Search code examples
rcorrelationstatistics-bootstrap

Bootstrapped correlation with more than 2 variables in R


I am trying to calculate a bootstraped correlation between six variables in R. But all the examples, solutions and tutorials that I find are made for two variables. I adapted, but i am not sure if i am getting a correct output.

Let's say that this is my data:

dado <- tibble(var1 = rnorm(104, mean = 7, sd = 1.5), var2 = rnorm(104, mean = 2.88, sd = 1.12),
               var3 = rnorm(104, mean = 1.55, sd = 0.8), var4 = rnorm(104, mean = 3.52, sd = 1.2),
               var5 = rnorm(104, mean = 2.67, sd = 0.94), var6 = rnorm(104, mean = 2.33, sd = 1.45))

I tried using the following code to bootstrap, but the output is not clear.

foo.matriz <- function(data, indices, cor.type = "pearson"){
        dt<-data[indices,]
        cor(dt, method = cor.type)
}

boot_strap <- boot(data = dado, statistic = foo.matriz, R = 1000)

Should I interpret this as: first line is equal to the correlation of the first variable with itself; second line is the correlation of the first variable with the second variable; and so on? When the number 1 appears again, the cycle starts again with the second variable?


Solution

  • The answer is Yes. But the it likely doesn't matter. If you go by row or by column in your 6x6 correlation matrix, you will end up with the same result as the upper and lower triangle are symmetrical.

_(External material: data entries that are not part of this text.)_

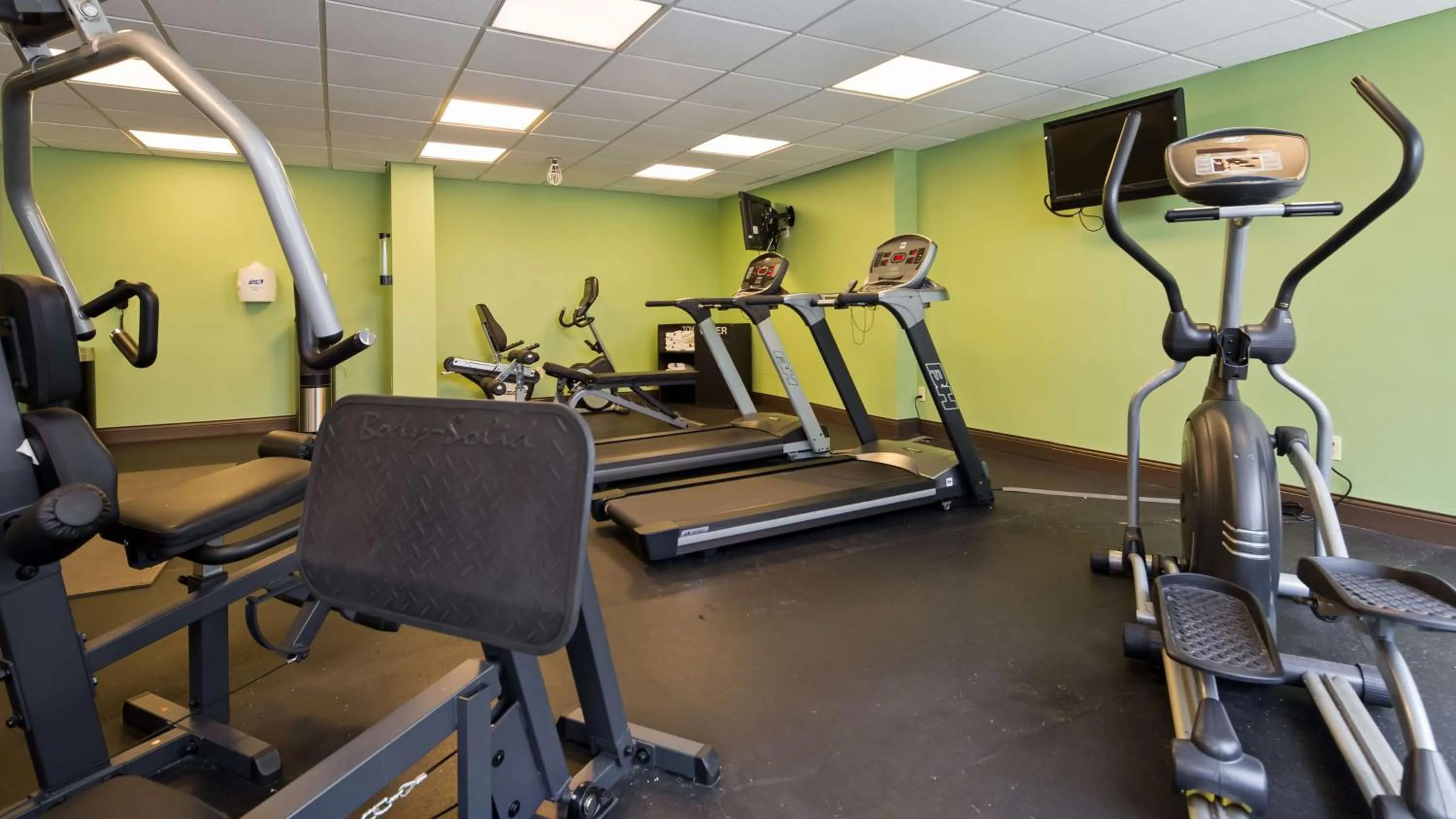 Fitness centre/facilities in Albany Airport Inn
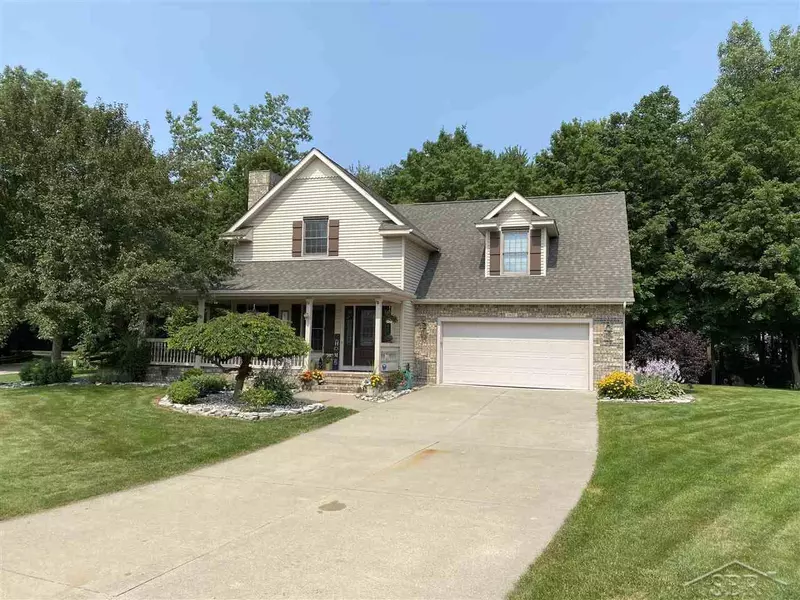 11622 Saddlebrook Cir, Freeland, MI 48623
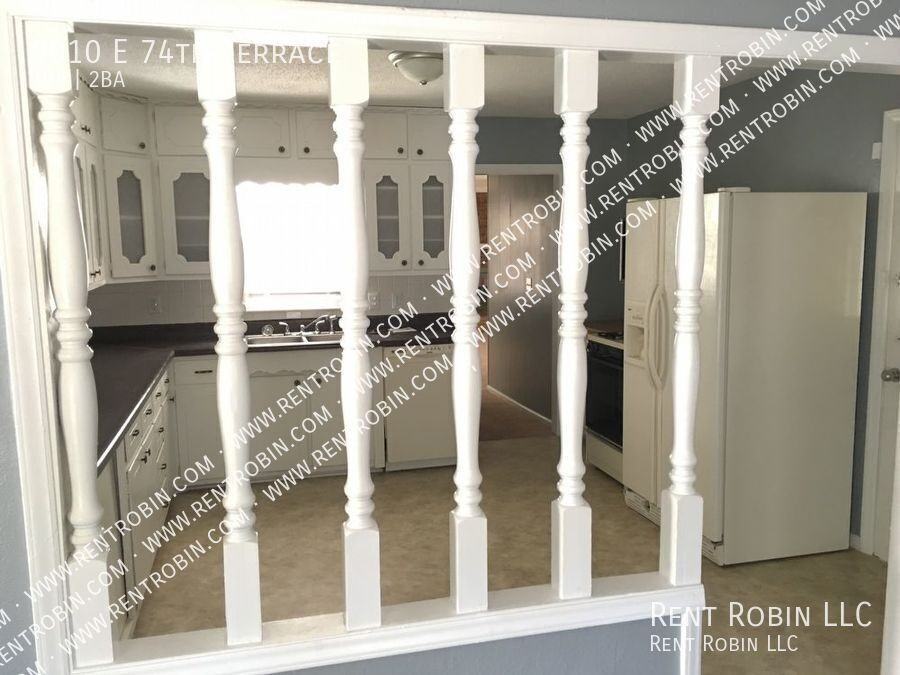 9010 E 74th Ter - Photo 4 of 13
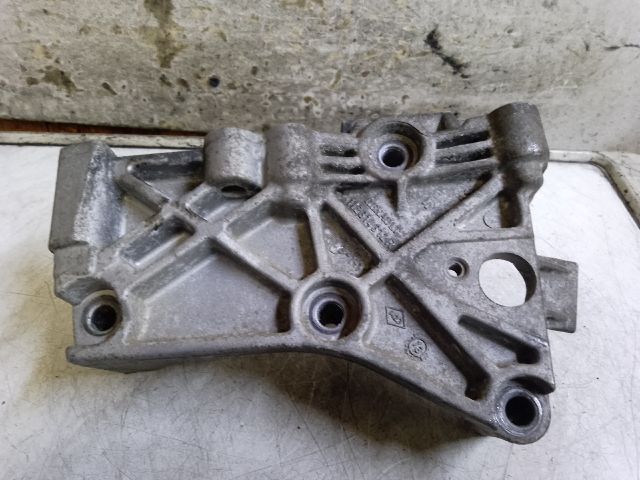 bontott DACIA DUSTER Motor Tartó Bak (Fém)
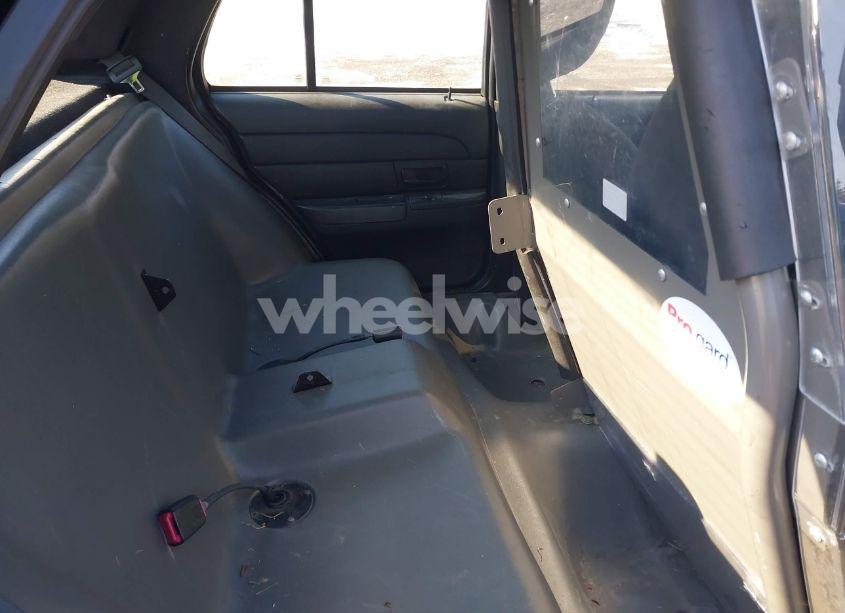 Photo 8 of 2011 Ford Crown VICTORIA POLICE INTERCEPTOR (VIN 2FABP7BV1BX172280)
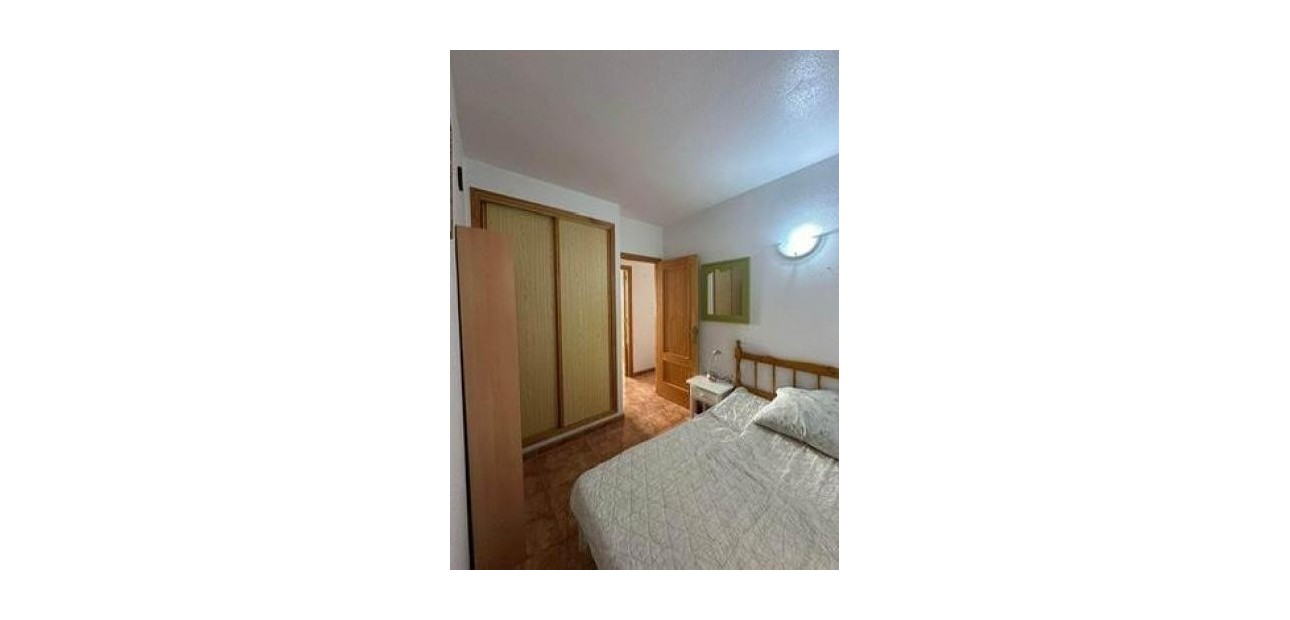 Sale - Apartment / flat -
Torrevieja - Centro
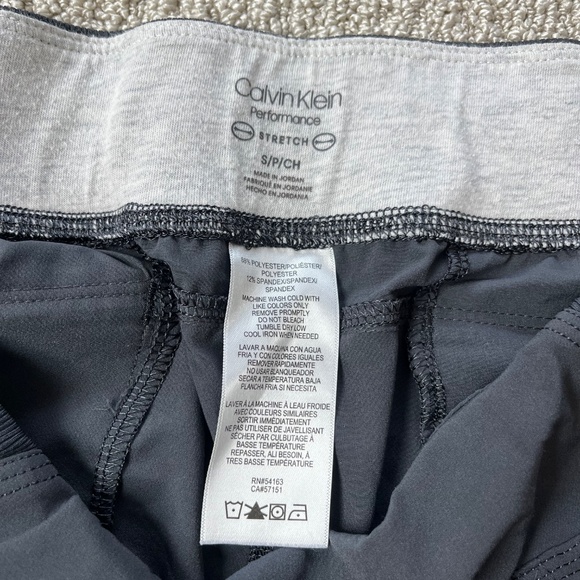 Calvin Klein capris - Picture 4 of 5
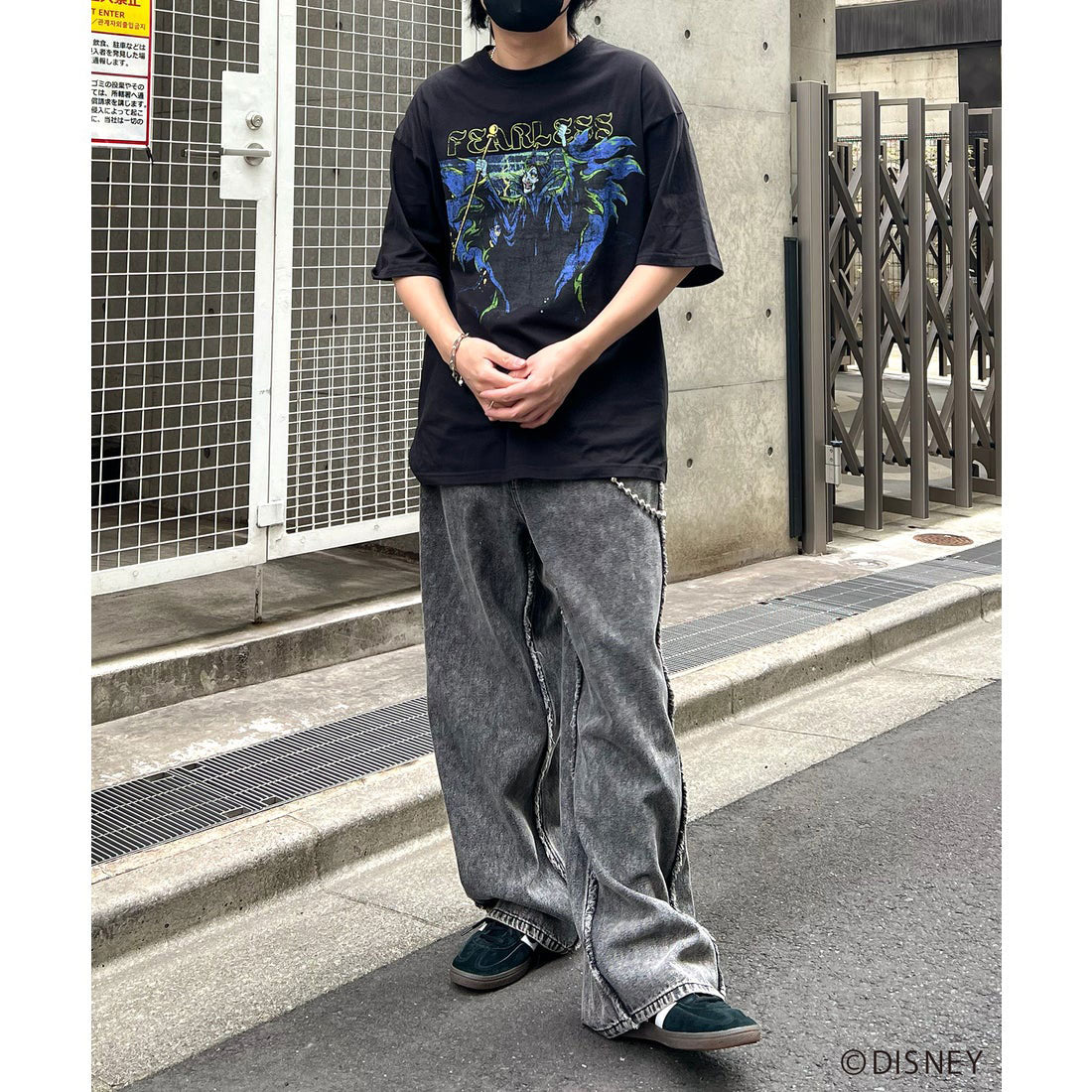 イルズ ILL'S Disney ディズニー Villains ヴィランズ ヴィンテージライク ピグメント加工 ビッグシルエット 半袖プリントTシャツ カットソー ユニセックス （ブラック） ブラック
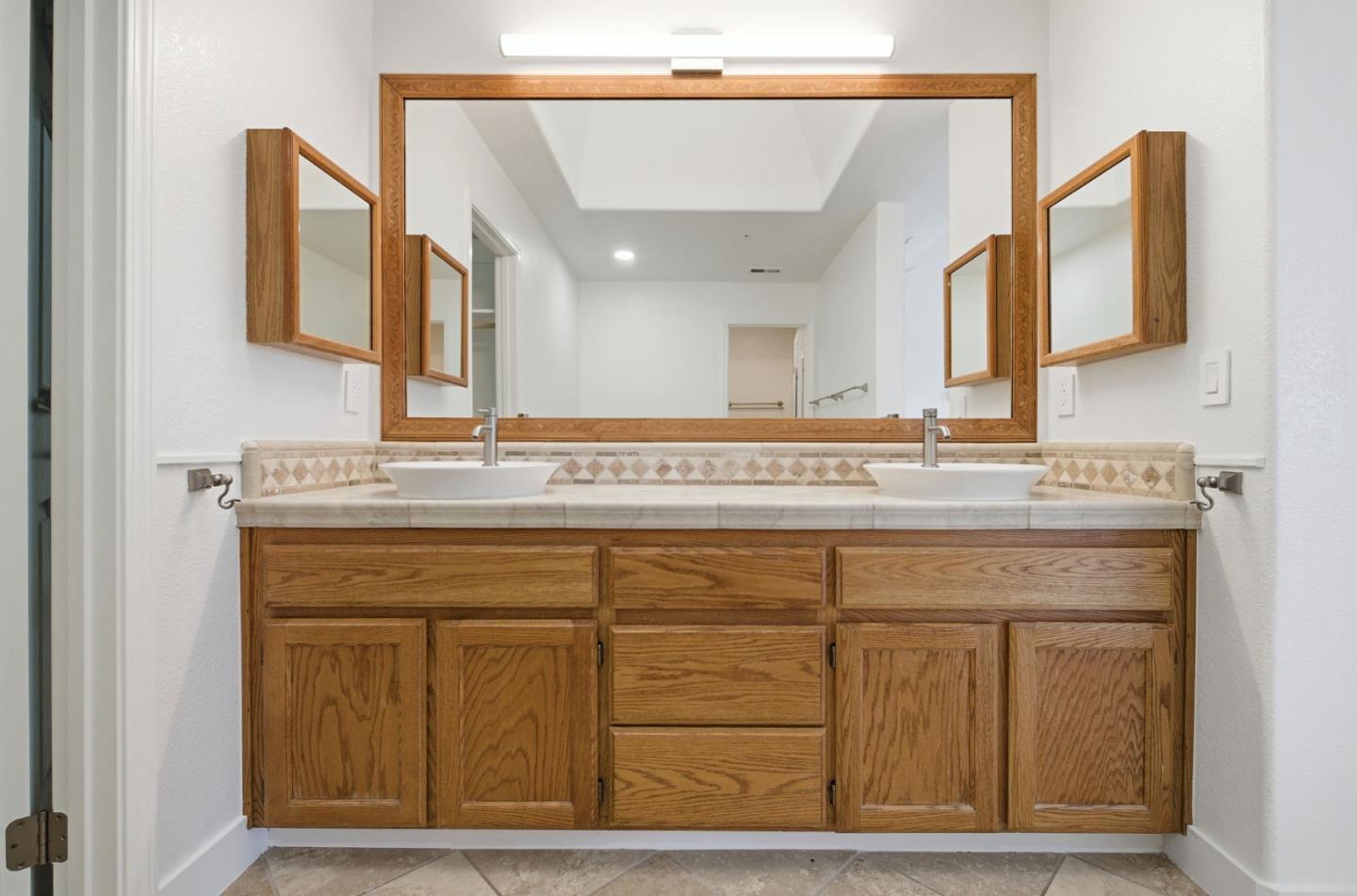 Detail Gallery Image 20 of 29 For 15 Cheswick Cir, Salinas,  CA 93906 - 5 Beds | 3 Baths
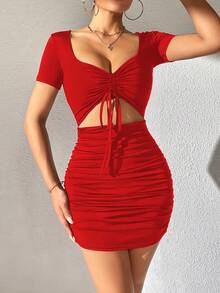Vestido urbano  y moderno con recortes, manga corta, cuello en V, con lazos y ajustado a la cadera - [Rojo] - Ver 3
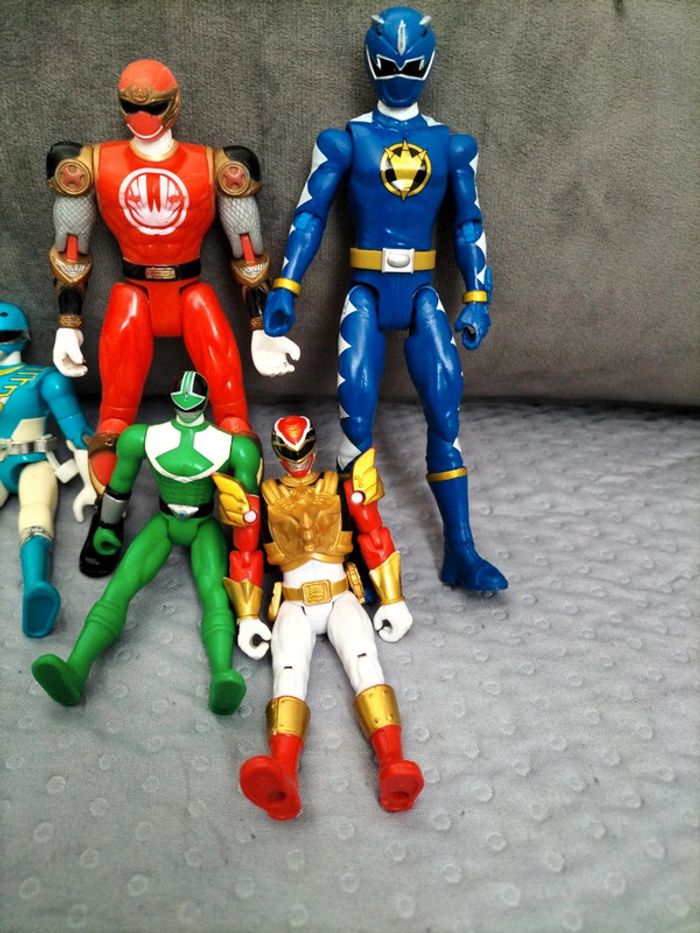 Figurines power rangers - photo numéro 4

    If you are unsure how a matrix reshapes to a vector, consider this:

    
    m <- matrix( 1:36, nrow=6 )
    print(m)
    
    as.numeric( m )
    ## 1 2 3 4 5 6 7 etc... indicating that the default order is by column from left to right.
    
    

    I could not comfortably comment on the soundness of your method though, but the results are what you suspected.